Last updated 10 February 2024
daiR
has many different functionalities, but the core
one is to provide access to the Google Document AI API so you can OCR
your documents. That procedure is fairly straightforward: you make a
processing call with either dai_sync()
or
dai_async()
– depending on whether you want synchronous or
asynchronous processing – and then you retrieve the plaintext with
get_text()
.
The quickest and easiest way to OCR with Document AI (DAI) is through synchronous processing. You simply pass an image file or a pdf (of up to 5 pages) to the processor and get the result into your R environment within seconds.
We can try with a sample pdf from the CIA’s Freedom of Information Act Electronic Reading Room:
library(daiR)
setwd(tempdir())
url <- "https://www.cia.gov/readingroom/docs/AGH%2C%20LASLO_0011.pdf"
download.file(url, "CIA.pdf")
We send it to Document AI with dai_sync()
and store the
HTTP response in an object.
We then pass the response object to get_text()
, which
extracts the text identified by Document AI.
What if we have many documents? dai_sync()
is not
vectorized, but you can iterate with it over vectors of filepaths. For
the sake of illustration, let’s download a second PDF.
We now want to apply the functions dai_sync()
and
get_text()
iteratively over the files CIA.pdf
and CIA2.pdf
. In such cases you probably want to preserve
the extracted text in .txt
files along the way. You can do
this by setting the parameter save_to_file
in
get_text()
to TRUE. This function also has a parameter
outfile_stem
which allows you to specify the namestem of
the .txt
file. We can get the stem from each file by
combining fs::path_ext_remove()
and
basename()
.
I further recommend adding a small pause so as not to run into rate limit issues. A print statement is also useful for keeping track of where you are in case of an error or interruption. A sample script might thus look like this:
## NOT RUN
myfiles <- list.files(pattern = "*.pdf")
for (i in seq_along(myfiles)) {
print(paste("Processing file", i, "of", length(myfiles)))
resp <- dai_sync(myfiles[i])
stem <- fs::path_ext_remove(basename(myfiles[i]))

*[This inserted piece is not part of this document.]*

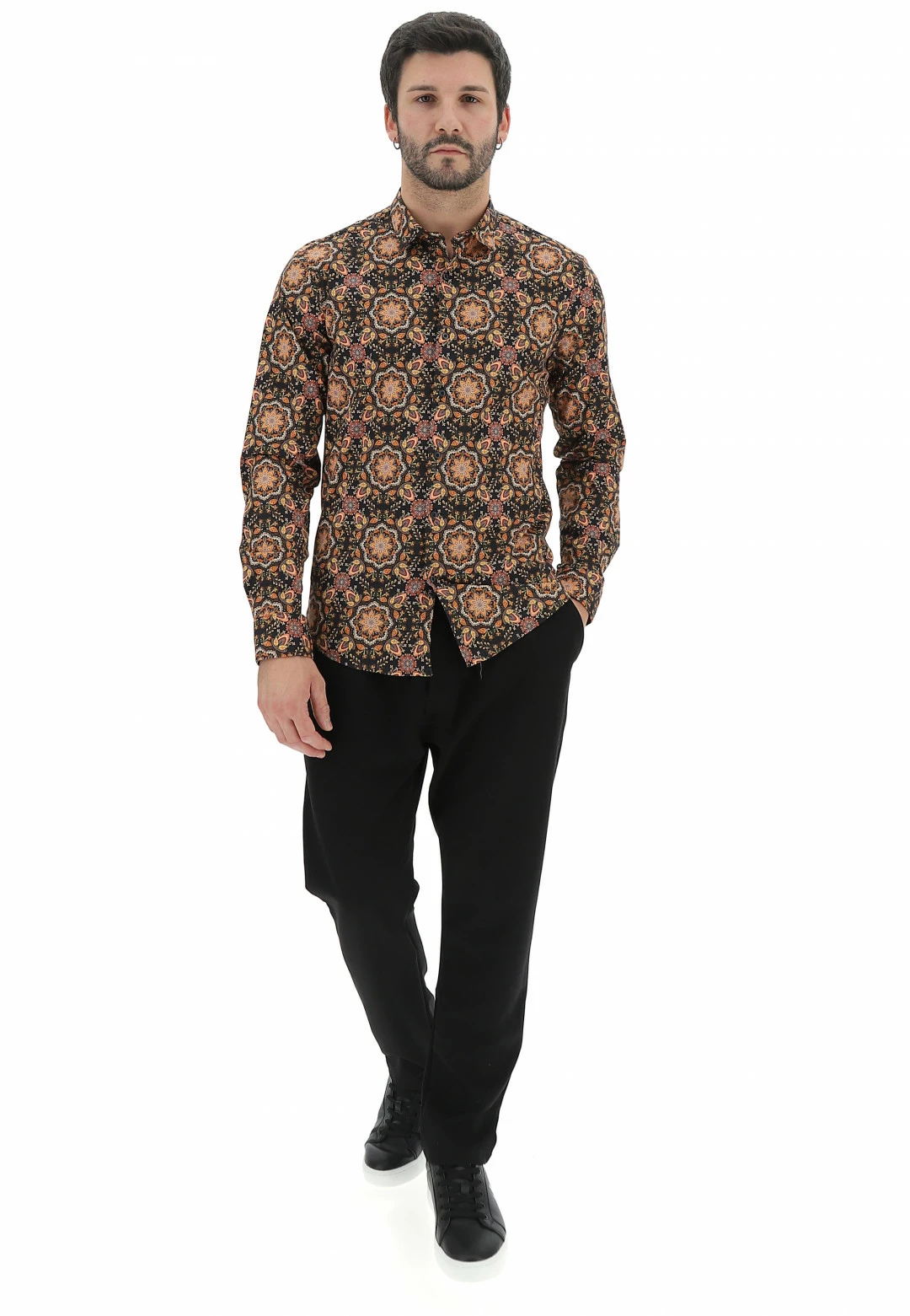 Camicia In Cotone Stretch Gianni Lupo Fantasia All Over 7 Camicia In Cotone Stretch Gianni Lupo Fantasia All Over - immagine 5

get_text(resp, save_to_file = TRUE, outfile_stem = stem)
Sys.sleep(2)
}
If you now run list.files()
, you will see that the code
generated two files named CIA.txt
and CIA2.txt
respectively.
Synchronous processing is very convenient, but has two limitations.
One is that OCR accuracy may be slightly reduced compared with
asynchronous processing, because dai_sync()
converts the
source file to a lightweight, grayscale image before passing it to DAI.
The other is scaling; If you have a large pdf or many files, it is
usually preferable to process them asynchronously.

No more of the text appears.